Stored dataset items:

====================

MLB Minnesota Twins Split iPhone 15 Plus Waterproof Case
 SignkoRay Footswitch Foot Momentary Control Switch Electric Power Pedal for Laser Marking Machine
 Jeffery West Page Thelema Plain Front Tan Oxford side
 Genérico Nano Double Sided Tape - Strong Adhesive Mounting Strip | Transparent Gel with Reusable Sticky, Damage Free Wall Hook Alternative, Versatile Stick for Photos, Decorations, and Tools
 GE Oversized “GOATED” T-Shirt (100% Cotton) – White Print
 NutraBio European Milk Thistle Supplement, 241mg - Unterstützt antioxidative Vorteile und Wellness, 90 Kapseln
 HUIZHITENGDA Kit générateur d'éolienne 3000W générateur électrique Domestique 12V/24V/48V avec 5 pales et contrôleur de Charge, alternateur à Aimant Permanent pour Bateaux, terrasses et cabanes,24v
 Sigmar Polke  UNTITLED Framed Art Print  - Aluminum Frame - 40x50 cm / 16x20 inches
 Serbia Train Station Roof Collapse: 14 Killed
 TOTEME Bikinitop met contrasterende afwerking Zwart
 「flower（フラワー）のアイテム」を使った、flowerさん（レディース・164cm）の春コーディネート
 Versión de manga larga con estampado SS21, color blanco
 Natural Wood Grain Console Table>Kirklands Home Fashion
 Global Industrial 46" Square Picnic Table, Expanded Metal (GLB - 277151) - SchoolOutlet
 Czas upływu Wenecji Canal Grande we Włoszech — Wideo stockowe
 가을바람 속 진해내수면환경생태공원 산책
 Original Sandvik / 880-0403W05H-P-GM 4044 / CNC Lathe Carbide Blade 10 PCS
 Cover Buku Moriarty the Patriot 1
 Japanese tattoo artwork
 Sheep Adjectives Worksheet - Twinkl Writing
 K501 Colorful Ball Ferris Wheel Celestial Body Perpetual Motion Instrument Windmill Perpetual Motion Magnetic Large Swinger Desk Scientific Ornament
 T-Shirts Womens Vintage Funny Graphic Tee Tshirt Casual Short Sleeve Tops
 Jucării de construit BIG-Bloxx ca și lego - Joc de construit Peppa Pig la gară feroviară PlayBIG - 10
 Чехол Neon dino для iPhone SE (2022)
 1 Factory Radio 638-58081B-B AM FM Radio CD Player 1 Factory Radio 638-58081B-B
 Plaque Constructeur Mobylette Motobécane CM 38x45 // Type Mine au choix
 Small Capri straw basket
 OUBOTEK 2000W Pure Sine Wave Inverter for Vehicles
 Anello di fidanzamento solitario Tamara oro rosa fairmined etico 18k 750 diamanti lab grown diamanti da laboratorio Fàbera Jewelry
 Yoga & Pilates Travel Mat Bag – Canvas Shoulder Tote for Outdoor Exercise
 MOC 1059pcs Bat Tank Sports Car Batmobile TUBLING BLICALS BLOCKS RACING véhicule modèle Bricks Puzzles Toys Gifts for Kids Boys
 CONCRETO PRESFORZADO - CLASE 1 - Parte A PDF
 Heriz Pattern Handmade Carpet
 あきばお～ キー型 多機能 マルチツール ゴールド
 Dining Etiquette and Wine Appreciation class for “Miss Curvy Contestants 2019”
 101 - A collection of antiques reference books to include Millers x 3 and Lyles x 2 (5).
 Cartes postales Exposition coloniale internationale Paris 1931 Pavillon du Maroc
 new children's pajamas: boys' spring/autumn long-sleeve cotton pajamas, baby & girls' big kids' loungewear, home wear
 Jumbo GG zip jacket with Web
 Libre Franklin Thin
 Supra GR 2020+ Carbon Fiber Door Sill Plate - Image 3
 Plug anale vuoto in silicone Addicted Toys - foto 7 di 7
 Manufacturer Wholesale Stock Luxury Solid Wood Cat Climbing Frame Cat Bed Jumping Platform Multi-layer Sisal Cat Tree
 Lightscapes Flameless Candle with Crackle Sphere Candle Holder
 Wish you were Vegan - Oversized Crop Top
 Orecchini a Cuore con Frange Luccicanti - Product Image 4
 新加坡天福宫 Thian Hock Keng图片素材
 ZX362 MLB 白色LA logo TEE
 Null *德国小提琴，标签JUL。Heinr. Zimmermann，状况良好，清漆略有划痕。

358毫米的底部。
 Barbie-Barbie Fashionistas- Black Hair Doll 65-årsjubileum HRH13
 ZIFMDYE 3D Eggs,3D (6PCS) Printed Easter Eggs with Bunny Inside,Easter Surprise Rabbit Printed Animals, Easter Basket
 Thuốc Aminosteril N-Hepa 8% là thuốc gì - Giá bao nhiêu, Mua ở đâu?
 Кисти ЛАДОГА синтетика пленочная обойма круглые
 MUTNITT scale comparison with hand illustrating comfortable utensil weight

====================

- _ABOUT THIS EXERCISE_
Look above for the line containing "Jeffery West Page". Output from there through the line containing "Чехол Neon dino для iPhone SE (2022)", exactly and inclusively.

- _RESPONSE_
 Jeffery West Page Thelema Plain Front Tan Oxford side
 Genérico Nano Double Sided Tape - Strong Adhesive Mounting Strip | Transparent Gel with Reusable Sticky, Damage Free Wall Hook Alternative, Versatile Stick for Photos, Decorations, and Tools
 GE Oversized “GOATED” T-Shirt (100% Cotton) – White Print
 NutraBio European Milk Thistle Supplement, 241mg - Unterstützt antioxidative Vorteile und Wellness, 90 Kapseln
 HUIZHITENGDA Kit générateur d'éolienne 3000W générateur électrique Domestique 12V/24V/48V avec 5 pales et contrôleur de Charge, alternateur à Aimant Permanent pour Bateaux, terrasses et cabanes,24v
 Sigmar Polke  UNTITLED Framed Art Print  - Aluminum Frame - 40x50 cm / 16x20 inches
 Serbia Train Station Roof Collapse: 14 Killed
 TOTEME Bikinitop met contrasterende afwerking Zwart
 「flower（フラワー）のアイテム」を使った、flowerさん（レディース・164cm）の春コーディネート
 Versión de manga larga con estampado SS21, color blanco
 Natural Wood Grain Console Table>Kirklands Home Fashion
 Global Industrial 46" Square Picnic Table, Expanded Metal (GLB - 277151) - SchoolOutlet
 Czas upływu Wenecji Canal Grande we Włoszech — Wideo stockowe
 가을바람 속 진해내수면환경생태공원 산책
 Original Sandvik / 880-0403W05H-P-GM 4044 / CNC Lathe Carbide Blade 10 PCS
 Cover Buku Moriarty the Patriot 1
 Japanese tattoo artwork
 Sheep Adjectives Worksheet - Twinkl Writing
 K501 Colorful Ball Ferris Wheel Celestial Body Perpetual Motion Instrument Windmill Perpetual Motion Magnetic Large Swinger Desk Scientific Ornament
 T-Shirts Womens Vintage Funny Graphic Tee Tshirt Casual Short Sleeve Tops
 Jucării de construit BIG-Bloxx ca și lego - Joc de construit Peppa Pig la gară feroviară PlayBIG - 10
 Чехол Neon dino для iPhone SE (2022)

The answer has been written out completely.